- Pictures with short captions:
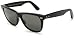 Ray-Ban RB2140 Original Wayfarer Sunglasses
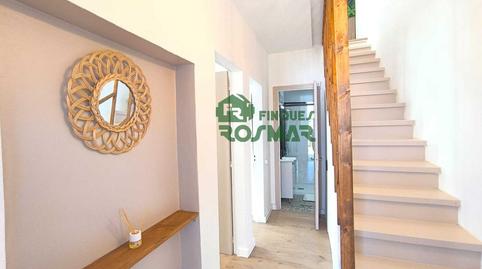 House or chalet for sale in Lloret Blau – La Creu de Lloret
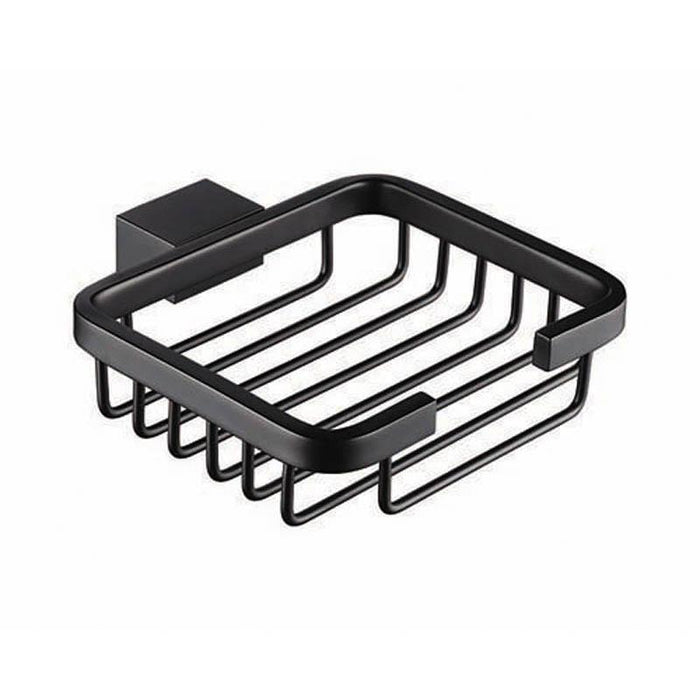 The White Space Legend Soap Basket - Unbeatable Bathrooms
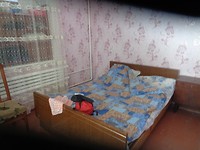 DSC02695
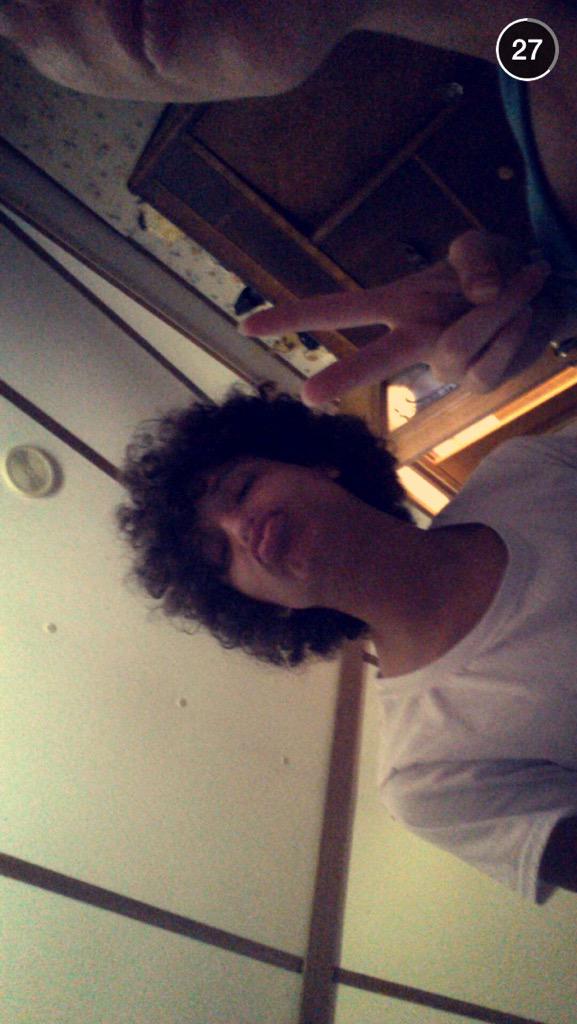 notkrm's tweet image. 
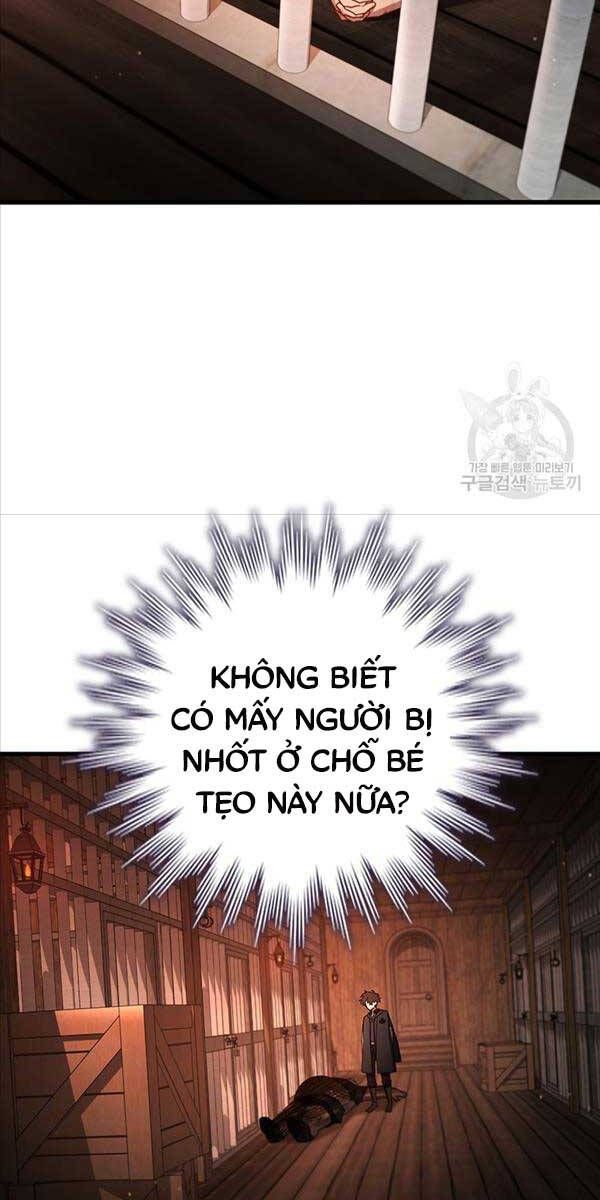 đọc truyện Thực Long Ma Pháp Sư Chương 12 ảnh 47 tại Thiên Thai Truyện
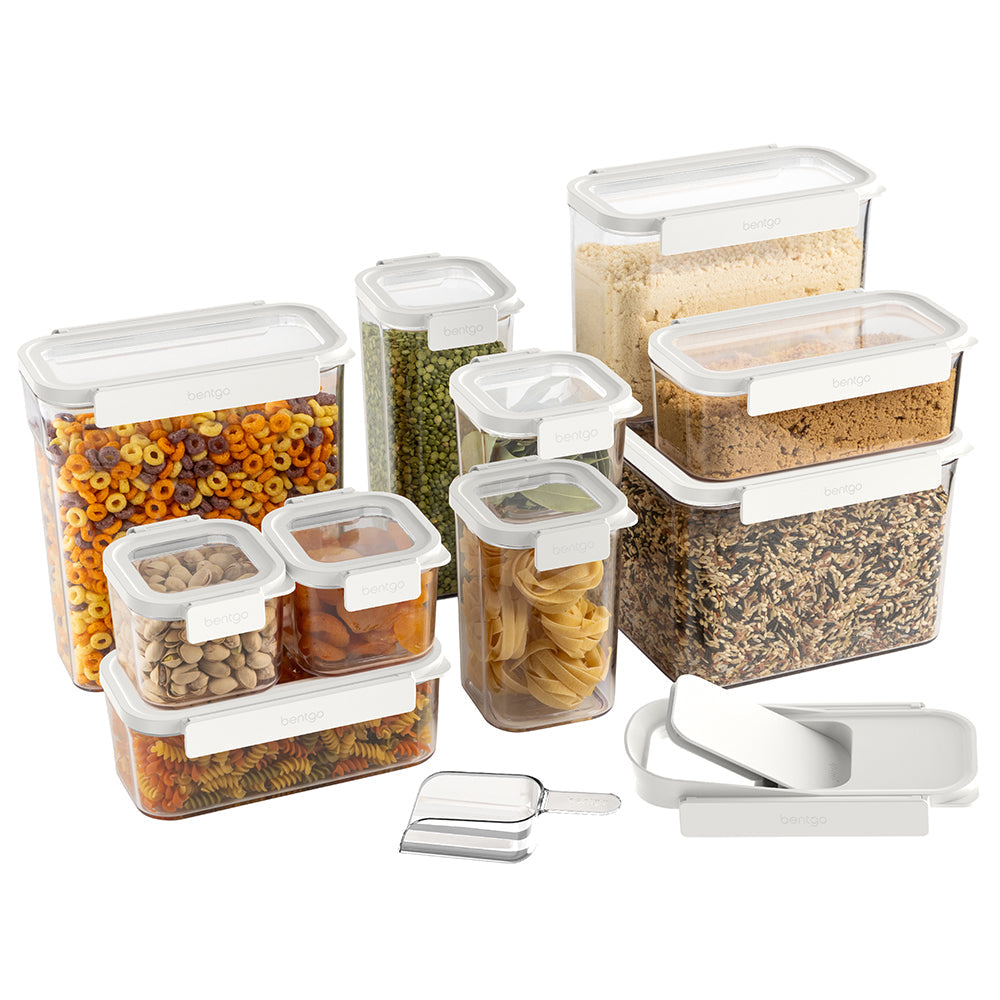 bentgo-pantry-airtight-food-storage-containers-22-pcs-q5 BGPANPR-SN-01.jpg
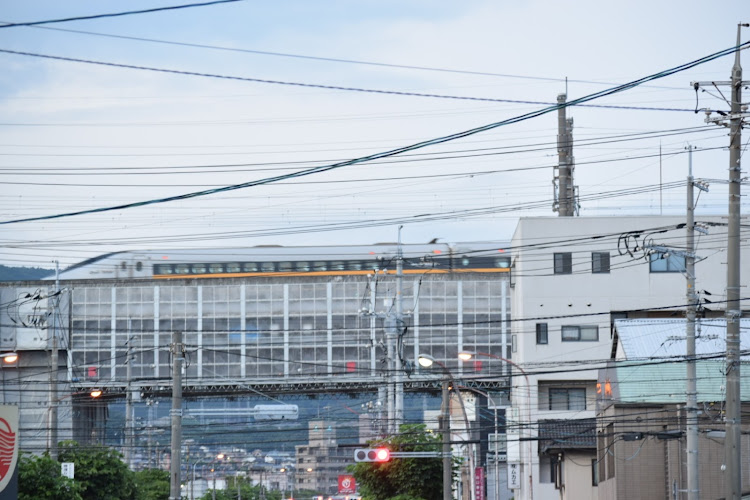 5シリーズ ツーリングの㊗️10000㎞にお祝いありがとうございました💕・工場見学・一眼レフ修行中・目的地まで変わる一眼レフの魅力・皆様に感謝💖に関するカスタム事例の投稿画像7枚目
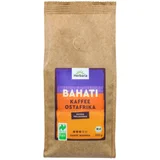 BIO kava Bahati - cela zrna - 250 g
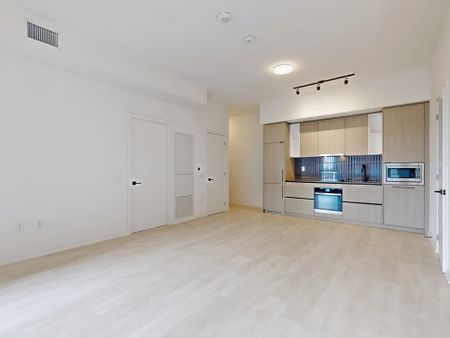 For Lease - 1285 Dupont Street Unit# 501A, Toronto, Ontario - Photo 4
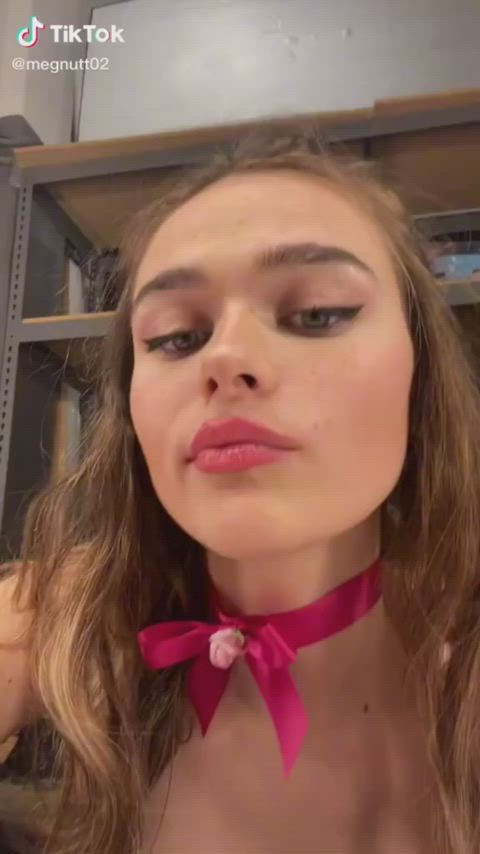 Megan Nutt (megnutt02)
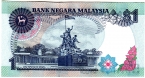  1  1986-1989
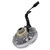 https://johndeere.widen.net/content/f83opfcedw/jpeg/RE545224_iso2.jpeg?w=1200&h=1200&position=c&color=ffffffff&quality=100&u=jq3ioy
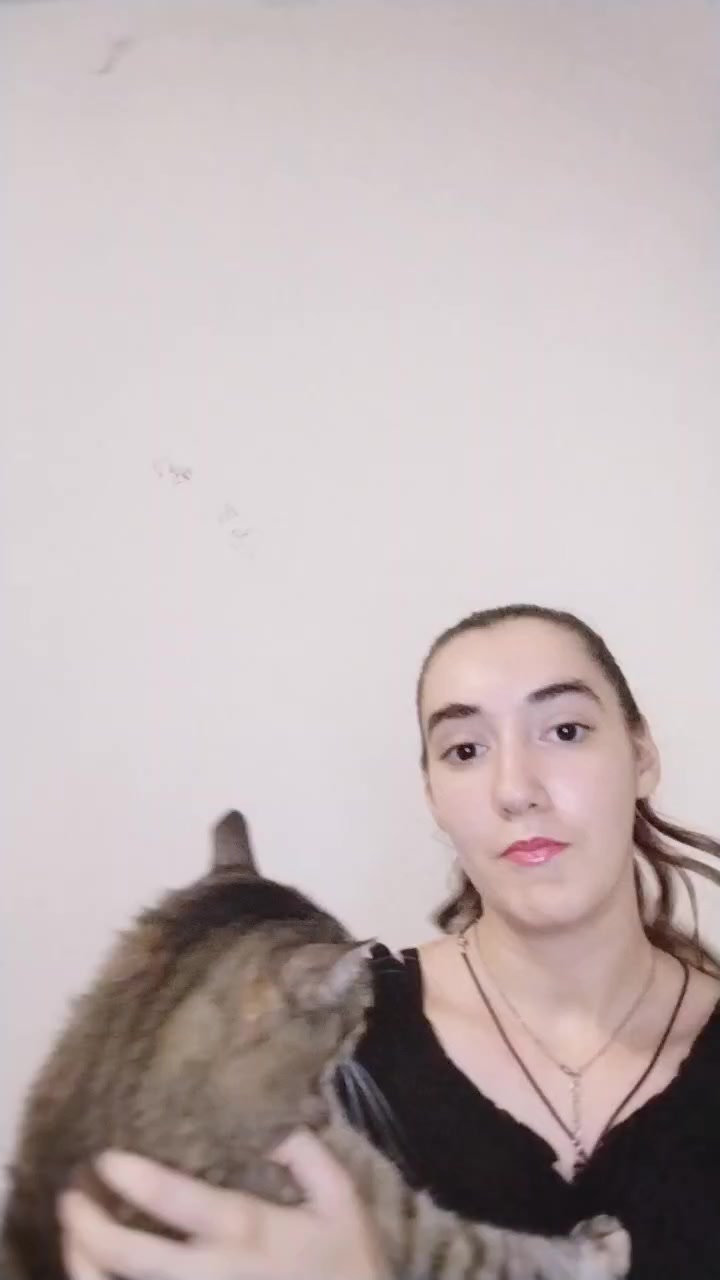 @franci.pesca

- TRY IT:
Each of the records above needs to be transcribed exactly, apart from its pictures.

- TASK RESULT:
 Ray-Ban RB2140 Original Wayfarer Sunglasses
 House or chalet for sale in Lloret Blau – La Creu de Lloret
 The White Space Legend Soap Basket - Unbeatable Bathrooms
 DSC02695
 notkrm's tweet image. 
 đọc truyện Thực Long Ma Pháp Sư Chương 12 ảnh 47 tại Thiên Thai Truyện
 bentgo-pantry-airtight-food-storage-containers-22-pcs-q5 BGPANPR-SN-01.jpg
 5シリーズ ツーリングの㊗️10000㎞にお祝いありがとうございました💕・工場見学・一眼レフ修行中・目的地まで変わる一眼レフの魅力・皆様に感謝💖に関するカスタム事例の投稿画像7枚目
 BIO kava Bahati - cela zrna - 250 g
 For Lease - 1285 Dupont Street Unit# 501A, Toronto, Ontario - Photo 4
 Megan Nutt (megnutt02)
  1  1986-1989
 https://johndeere.widen.net/content/f83opfcedw/jpeg/RE545224_iso2.jpeg?w=1200&h=1200&position=c&color=ffffffff&quality=100&u=jq3ioy
 @franci.pesca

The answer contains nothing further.